Exkurs – Alles beginnt im Kopf
Die Menschen lieben Strukturen und Rituale, weil unser Gehirn so funktioniert. Täglich prasseln Millionen an Informationen auf uns herein. Dadurch selektiert das Gehirn die Informationen und filtert alles aus, was nicht notwendig ist. Sonst wäre eine Autofahrt schlicht nicht möglich, da es eine totale Informations- und Reizüberflutung für unser Gehirn wäre. Diese Funktionsweise nennt man „selektive Wahrnehmung“. Das Bild, das sich jemand von der ihn umgebenden Wirklichkeit macht, ist deshalb stets eine individuelle Variante der Realität (Quelle: Selektive Wahrnehmung – Wikipedia). Eine Grundlage, Informationen auszufiltern, ist auch die Fähigkeit des Gehirns, Muster zu erkennen. Diese Muster finden sich überall und wir passen uns dementsprechend an. Worauf ich hinaus will, ist, dass diese Muster antrainiert sind. Über Jahre haben sie sich in uns eingebrannt, eingraviert, immer tiefer. Das ist der Grund, warum uns eine Änderung so schwer fällt. Diese Muster müssen erst durchbrochen werden, sowohl im Denkprozess als auch im Handlungsprozess. Für mich persönlich ist es extrem schwer, den alten Job loszulassen, obwohl ich, rational betrachtet, nichts finde, was mir an diesem noch gefällt. Es war doch schließlich der Grund, mich zu verändern, da es mich einfach nicht mehr erfüllte. Bei genauerem Hinsehen fällt mir allerdings auf, dass es nicht die Tätigkeit an sich ist, die ich nicht loslassen kann, sondern das dahinterliegende Muster, nämlich jeden Tag leistungsfähig zu sein, zu schöpfen und zu arbeiten, Mehrwert zu schaffen und die Produktivität zu erhöhen. Einfach, weil ich das sechzehn Jahre lang tun musste, um mitzuhalten.
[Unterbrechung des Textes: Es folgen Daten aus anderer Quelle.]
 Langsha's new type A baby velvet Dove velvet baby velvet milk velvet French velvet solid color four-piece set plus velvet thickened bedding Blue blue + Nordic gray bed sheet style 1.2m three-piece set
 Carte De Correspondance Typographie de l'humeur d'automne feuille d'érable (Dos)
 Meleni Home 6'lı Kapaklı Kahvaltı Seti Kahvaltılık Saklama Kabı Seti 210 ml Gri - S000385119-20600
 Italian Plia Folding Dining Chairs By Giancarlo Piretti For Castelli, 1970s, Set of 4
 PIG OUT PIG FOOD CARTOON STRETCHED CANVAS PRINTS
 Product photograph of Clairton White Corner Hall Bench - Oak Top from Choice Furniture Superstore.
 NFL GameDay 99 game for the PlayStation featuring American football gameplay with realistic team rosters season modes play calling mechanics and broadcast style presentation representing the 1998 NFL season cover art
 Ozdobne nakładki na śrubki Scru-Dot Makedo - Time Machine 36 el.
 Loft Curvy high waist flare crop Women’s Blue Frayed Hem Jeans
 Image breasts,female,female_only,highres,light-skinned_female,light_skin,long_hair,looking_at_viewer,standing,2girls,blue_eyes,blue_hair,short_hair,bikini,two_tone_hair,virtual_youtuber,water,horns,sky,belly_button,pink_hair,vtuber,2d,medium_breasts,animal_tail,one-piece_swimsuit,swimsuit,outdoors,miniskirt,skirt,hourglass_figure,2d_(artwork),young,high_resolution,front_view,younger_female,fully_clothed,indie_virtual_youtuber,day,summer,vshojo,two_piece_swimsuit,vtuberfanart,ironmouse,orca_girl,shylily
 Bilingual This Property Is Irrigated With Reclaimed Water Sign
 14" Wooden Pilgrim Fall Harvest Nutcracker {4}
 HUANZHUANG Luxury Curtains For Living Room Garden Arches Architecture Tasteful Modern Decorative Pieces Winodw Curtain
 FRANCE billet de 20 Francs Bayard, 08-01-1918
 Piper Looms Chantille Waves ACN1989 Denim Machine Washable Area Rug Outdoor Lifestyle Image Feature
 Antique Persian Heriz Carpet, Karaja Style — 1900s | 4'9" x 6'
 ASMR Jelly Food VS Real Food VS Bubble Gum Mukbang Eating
Loslassen bedeutet neue Muster zu schreiben bedeutet Geduld
Um im neuen Lebensweg anzukommen, muss ich loslassen. Das habe ich bereits in den vorhergehenden Kolumnen geschrieben. Ich möchte den Begriff Loslassen nun durch Muster ersetzen. Es müssen neue Muster geschrieben werden. Das bedeutet aber, dass es einfach Zeit braucht, bis diese Muster auch tief genug sind, dass sie die alten überschreiben. Ich stelle mir das wie einen ausgetretenen Pfad vor. Anfangs, wenn man ihn verlässt, merkt man nicht wirklich, dass man eine neue Spur hinterlässt. Wenn man dies aber täglich wiederholt, dann wird der alte, ausgetretene Pfad irgendwann von der Natur zurückerobert und der neue Weg sichtbar, weil man ihn immer weiter austritt. Für mich ist das nicht so leicht, da ich zwar ein ausdauernder, aber ungeduldiger Mensch bin. Ich muss Ergebnisse schnell sehen. In diesem Zusammenhang ist es gut, wenn man sich einen Ausgleich schafft, der einen etwas ablenkt, oder besser gesagt mit Glückshormonen flutet.
Rockkonzert und Dopamin
Und wie gut das geht, habe ich vor zwei Wochen bei einem Rockkonzert von Danko Jones erlebt. Ich besuche Konzerte eigentlich nicht so gerne. Laute Musik stresst mich und daher lasse ich mich selten darauf ein. Allerdings habe ich gemerkt, dass es mich ablenkt. Vor allem aber hatte ich gute Stimmung und sah die Tage danach alle Probleme und Sorgen viel positiver und lösbarer, was mich zu dem Schluss führt, dass ich es selbst in der Hand habe, wie schwer ich mir den Weg zum neuen Job mache. Die Ursache dafür ist Dopamin.